La desarrolladora Fundar informó que el edificio Alba, que se construye en la intersección de avenida Avellaneda y Don Orione en la zona norte de Rosario, es el primero en la ciudad y en la provincia de Santa Fe en contar con un preetiquetado energético. El sistema de etiquetado de eficiencia energética para viviendas en Rosario es voluntario y clasifica el desempeño energético de los inmuebles mediante una escala de letras, de la A (más eficiente) a la G (menos eficiente). Rosario se adhirió a la Ley Provincial 13.903 e incorporó esta herramienta a su Reglamento de Edificación.
Según informó la empresa, el edificio Alba, de 10 pisos y con unidades de uno y dos dormitorios, obtuvo la clasificación B y C en sus unidades.
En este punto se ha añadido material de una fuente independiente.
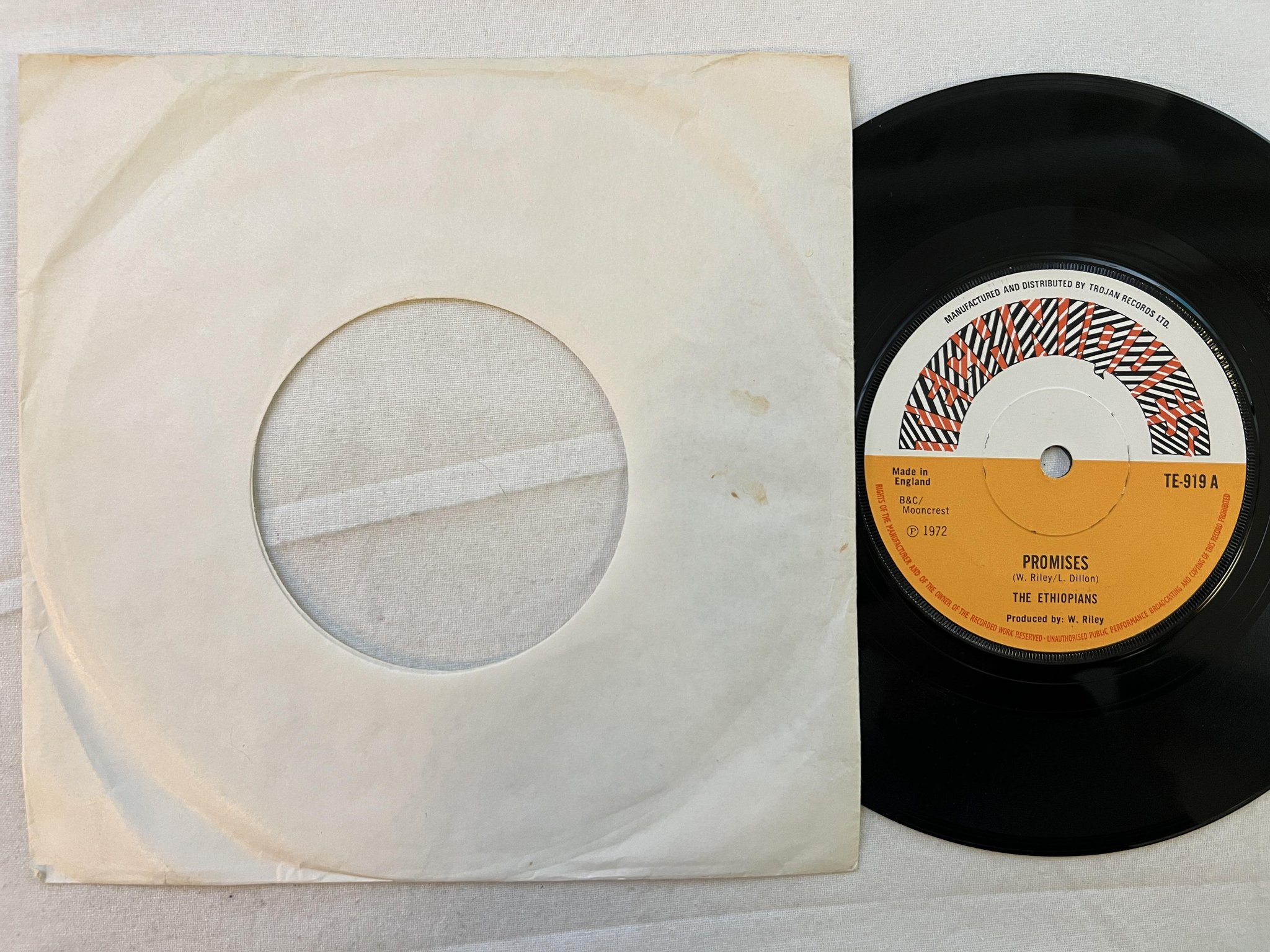 Omslagsbild för skivan THE ETHIOPIANS promises 7" -72 TECHNIQUES TE-919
La gerenta comercial de Fundar, Evelina Riva, afirmó que el preetiquetado energético ofrece “mayor confort y mayor calidad de vida desde el primer momento en que se habita”. Agregó que el uso eficiente de la energía incluye las áreas comunes y que “intentamos mejorar el consumo con un mejor diseño en nuestras unidades para lograr un consumo más eficiente, es decir tener un ahorro energético y proteger los recursos pensando en las generaciones futuras”. Riva sostuvo que “el consumo de energía, tanto en electricidad (iluminación y acondicionamiento de ambiente) como en gas, es un 70% menor a las unidades promedios”.
El arquitecto Fabián Ruiz, integrante del área técnica de la desarrolladora, explicó que el preetiquetado evalúa aspectos como la orientación del edificio, la envolvente térmica, las aislaciones, los materiales y los sistemas de climatización. Ruiz declaró que “cuando decidimos avanzar con el preetiquetado la obra ya estaba avanzada. Por lo cual, a través de un asesoramiento, fuimos elaborando soluciones que nos permitan lograr unidades con mayor confort térmico. Y lo conseguimos con mínimas mejoras”. Detalló que “de las 56 unidades, 30 clasificaban como C y 26, al principio como D; con esas mínimas mejoras logramos revertir y lograr que 26 obtengan la clasificación B”. Las reformas incluyeron la instalación de revoques térmicos aislantes, la utilización de hormigón de ladrillo celular y vidrios con control solar, entre otros materiales.
Ruiz también destacó que la herramienta no solo reduce el impacto ambiental, sino que también mejora la ecuación económica, ya que una vivienda más eficiente demanda menos energía para calefaccionarse, refrigerarse o iluminarse, lo que reduce los costos de funcionamiento a lo largo del tiempo. Además, la normativa provincial prevé beneficios impositivos según la categoría energética obtenida.